More dramatically, since pandemic mitigation measures were put in place, there has been a 99% global reduction of infections from both influenza types A and B compared to prior years. In particular, one of two flu B substrains has not been isolated in the world since August 2021 suggesting that this variant is now extinct. The overall genetic diversity of influenza viruses has also dramatically diminished indicating that other flu sub-types (or clades) have disappeared around the world since the pandemic mandates were put in place.

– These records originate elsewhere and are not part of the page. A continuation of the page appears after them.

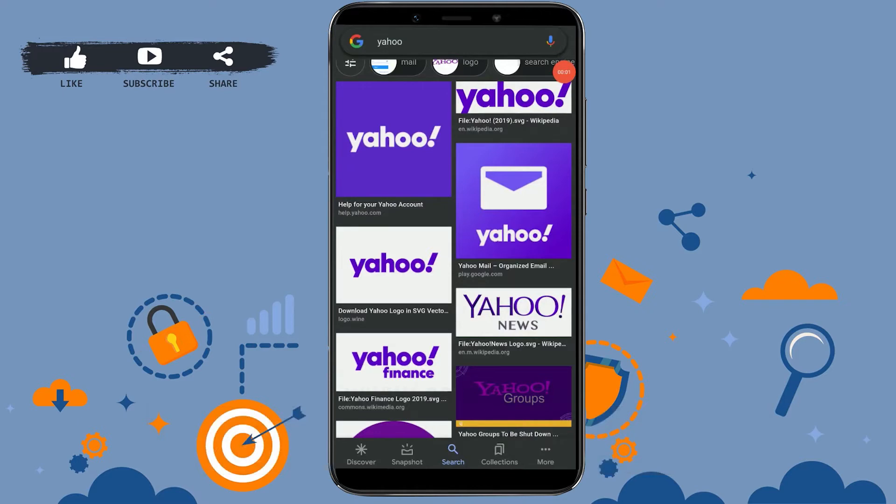Hello everyone, welcome back to our channel. Today I will be showing you how you can send an email from your Yahoo account from your mobile device. First of all, open the Yahoo application on your mobile.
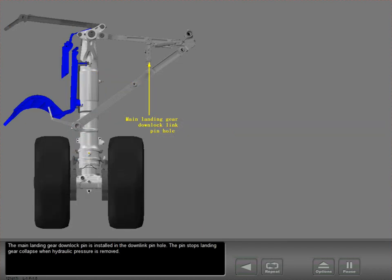The main landing gear down lock pin is installed in the down link pinhole. The pin stops landing gear collapse when hydraulic pressure is removed.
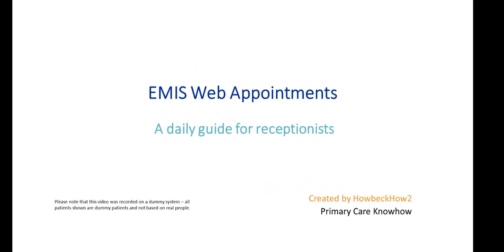This video is aimed at receptionists using EMIS Web Appointments. The focus is on using the appointment book to manage daily appointments, and this video is accompanied by another one which looks at finding and booking appointments. It does not look at the configuration and management of the appointment book, which will be covered in a separate video.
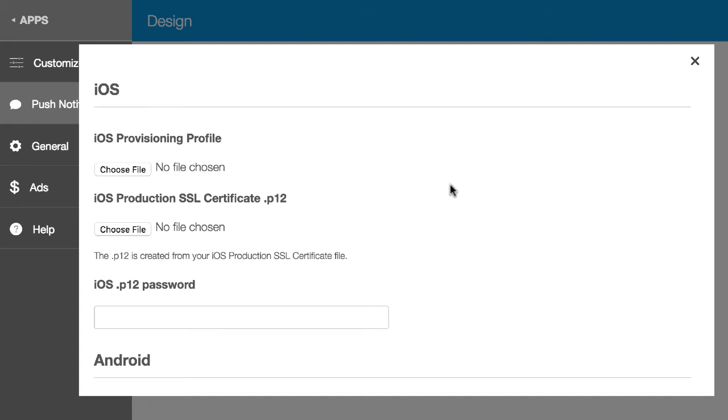In this video I'm going to show you how to get the Production SSL Certificate P12 to set up push notifications for AppPresser 3.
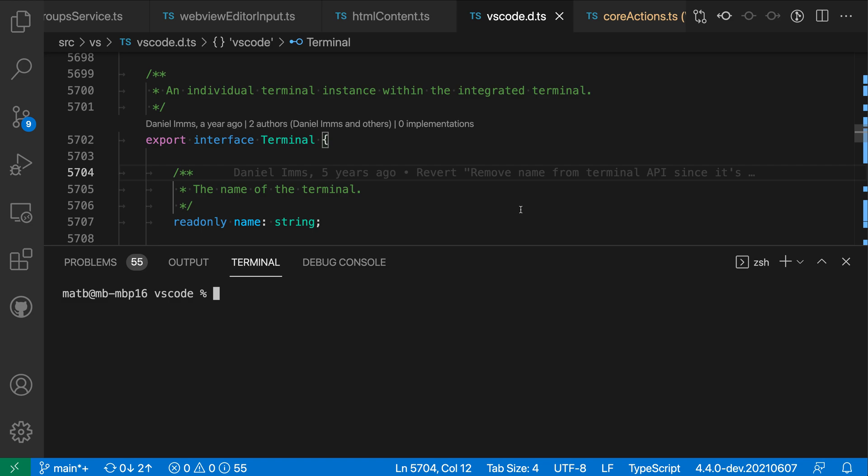The integrated terminal scroll back setting lets you adjust the number of lines of output that can be saved in the integrated terminal. This might be helpful if you're dealing with a command that produces lots of output or if you want to see more of your history in the integrated terminal.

And this reduction of respiratory infectious disease does not only hold for those caused by viruses. Another study looked at surveillance data from 26 countries across 6 continents for several bacterial diseases caused by Streptococcus pneumoniae, Haemophilus influenzae, and Neisseria meningitidis, which are typically transmitted via respiratory droplets. Numbers of weekly cases in 2020 were compared with corresponding data for 2018 and 2019. Data for disease due to Streptococcus agalactiae, a non-respiratory pathogen, were also collected from nine laboratories for comparison. All countries experienced a significant and sustained reduction in respiratory bacterial diseases in early 2020 (Jan 1 to May 31), coinciding with the introduction of non-medical COVID containment measures in each country. By contrast, the incidence of disease due to S agalactiae (which is not transmitted by the respiratory route) did not differ significantly from the 2 previous years.

Clearly, the mandates significantly reduced the incidence of respiratory infections by non-COVID viruses and bacteria. They worked. So, why did we still have COVID infections after the mandates went into place? The mandates reduced, not eliminated these diseases, so infections still happened. Since we did not have historical COVID infection data from previous years to compare with, the effects of the current mandates on the incidence of COVID are not as clear cut as they are with other diseases for which we do have historical data for comparison. But, as I wrote before (see above), it is clear that places in the US and around the world that used masks and other protective measures saw reduced incidence of COVID compared to similar places that did not.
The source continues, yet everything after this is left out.